Bookmaker Mazhar Majeed, who made the revelation in a `News of the World` sting operation that the three players took money to bowl deliberate no-balls during the Lord`s Test between Pakistan and England in August last year, was also charged with the same offences.
This comes after the three players and Majeed were interrogated by London Metropolitan Police. Majeed was arrested but later released. A third fast bowler, Wahab Riaz, was also interrogated.
"We have decided that Mohammad Aamer, Mohammad Asif, Salman Butt and their agent, Mazhar Majeed, should be charged with conspiracy to obtain and accept corrupt payments and also conspiracy to cheat," Simon Clements, head of the CPS Special Crime Division, said.
"These charges relate to allegations that Majeed accepted money from a third party to arrange for the players to bowl `no balls` on 26 and 27 August 2010, during Pakistan`s fourth Test at Lord`s Cricket Ground in London.”
"I would remind everyone that these men are entitled to a fair trial and should be regarded as innocent of these charges unless it is proven otherwise in court. ICC tribunal is due to announce its decision tomorrow, but criminal proceedings are active now. It is extremely important that nothing should be reported which could prejudice the trial," he said.
The framing of the charges came just a day before an International Cricket Council tribunal announces its conclusions on the case in Doha tomorrow. The tribunal interrogated the players over 45 hours in Doha last month.
Clements said his organisation, which was responsible for prosecuting criminal cases investigated by British police, believed it had sufficient evident to convict the players and they could be subject to extradition proceedings if they do not return to Britain next month.

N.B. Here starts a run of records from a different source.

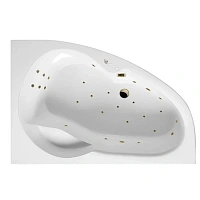 Ванна гидромассажная Excellent Newa Ultra 160 x 95 см, правая, белый/бронза, WAEX.NEP16.ULTRA.BR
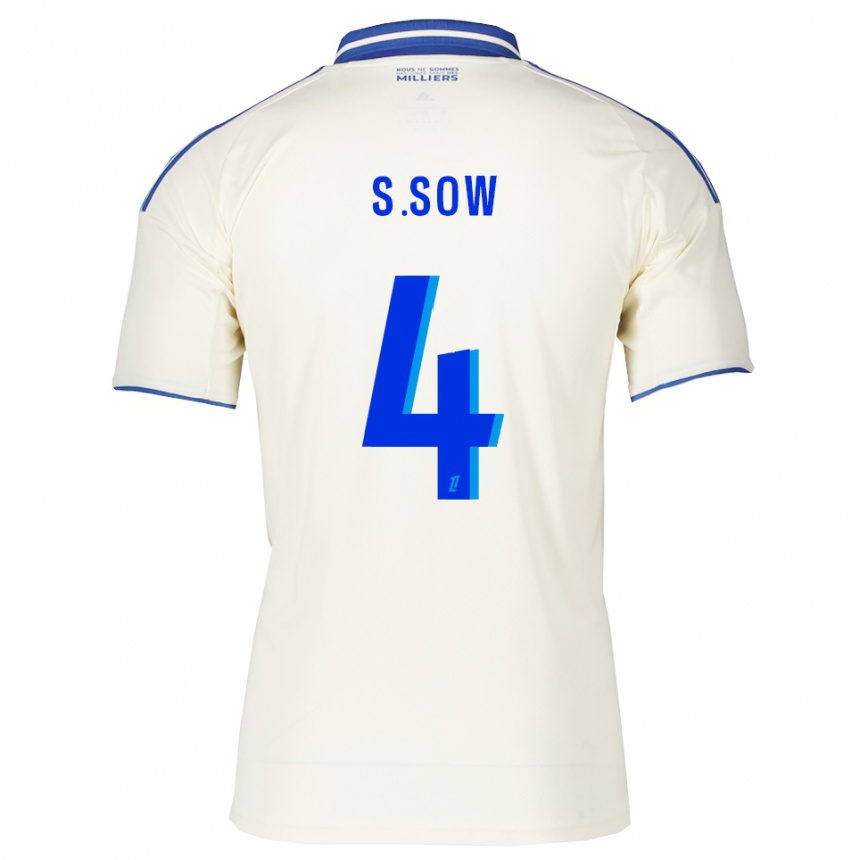 ילדים כדורגל סיידו סו #4 שמפניה כחול הרחק ג'רזי 2025/26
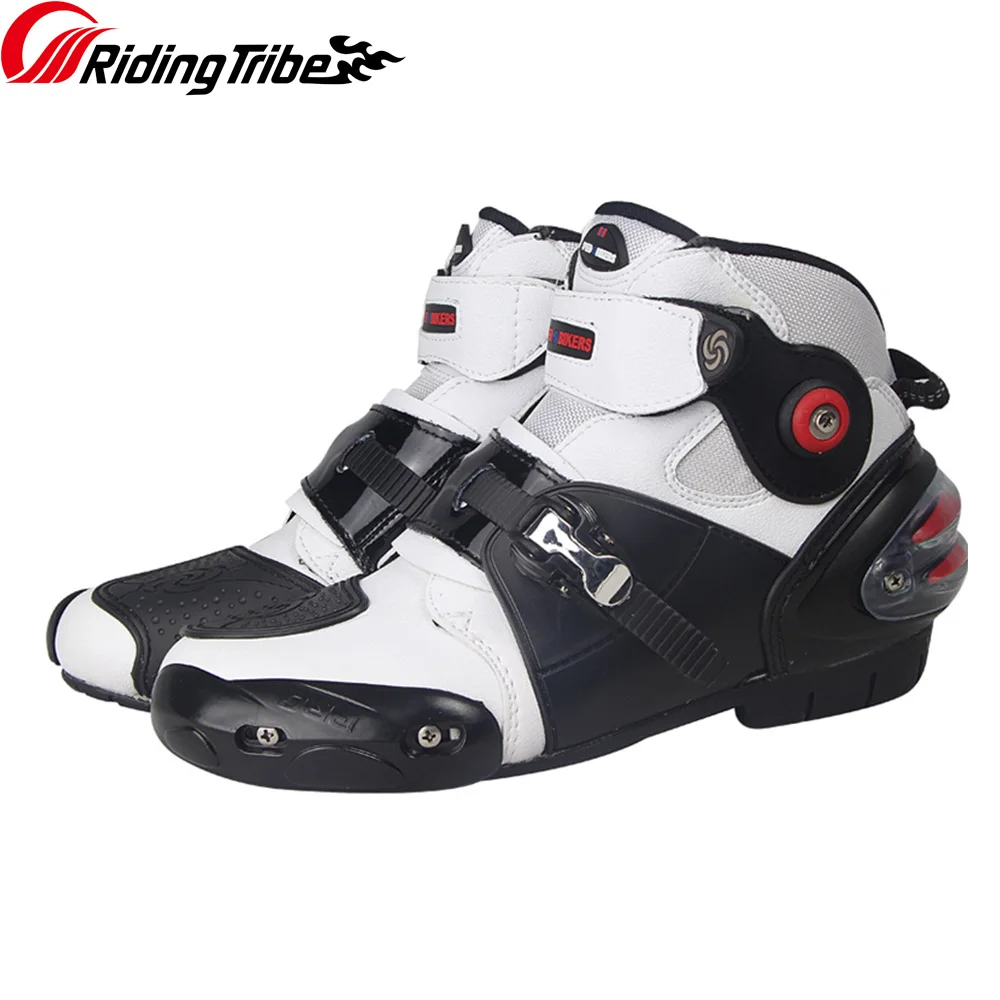 

Motorcycle Boots Racing Shoes Men Riding Shoes Bota Anti-collision Non-slip Adjustable Motocross Botas Profession Wearable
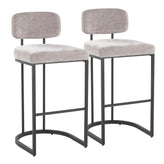 Mid-back Demi 30" Fixed-Height Barstool - Set of 2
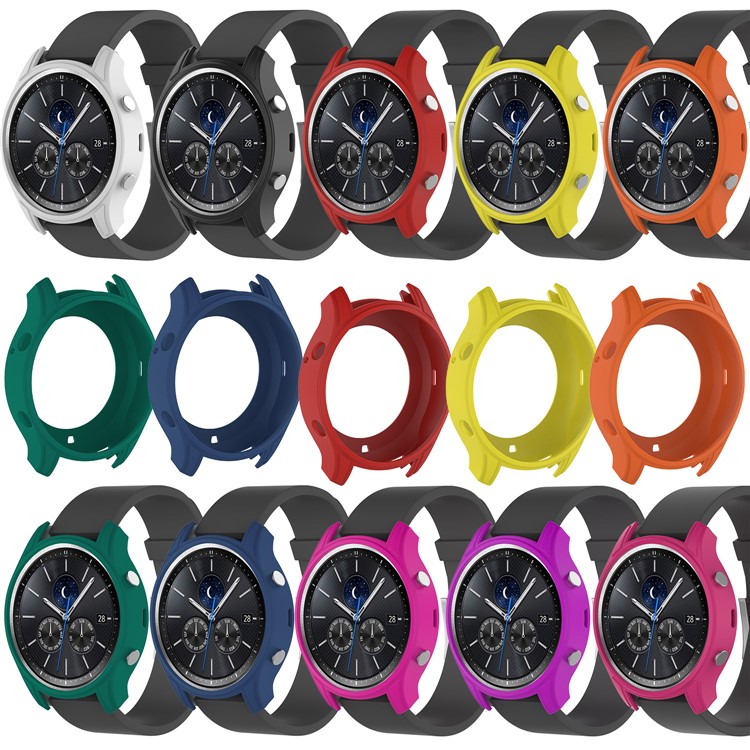 Guscio Protettivo In Silicone Morbido Flessibile Per Samsung Galaxy Gear S3 Classic - Giallo-4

"Majeed has been summonsed to appear for a first hearing at City of Westminster Magistrates` Court on 17 March. Summonses for the same court date have been issued for the three players and they have been asked to return to this country voluntarily, as they agreed to do in September last year. Their extradition will be sought should they fail to return," Clements said.
"The Crown Prosecution Service has been working closely with the Metropolitan Police Service since the allegations of match-fixing became public on 29 August 2010. We received a full file of evidence on 7 December 2010 and we are satisfied there is sufficient evidence for a realistic prospect of conviction and it is in the public interest to prosecute," he said.
The players have been suspended by ICC from all forms of cricket since September 3 after the British tabloid alleged they bowled no-balls at prearranged times during the fourth Test at Lord`s to fix spot-betting markets.
The trio was alleged to have obtained 150,000 pounds (USD 241,000) through Majeed who was believed to have accepted 50,000 pound to set up the deal.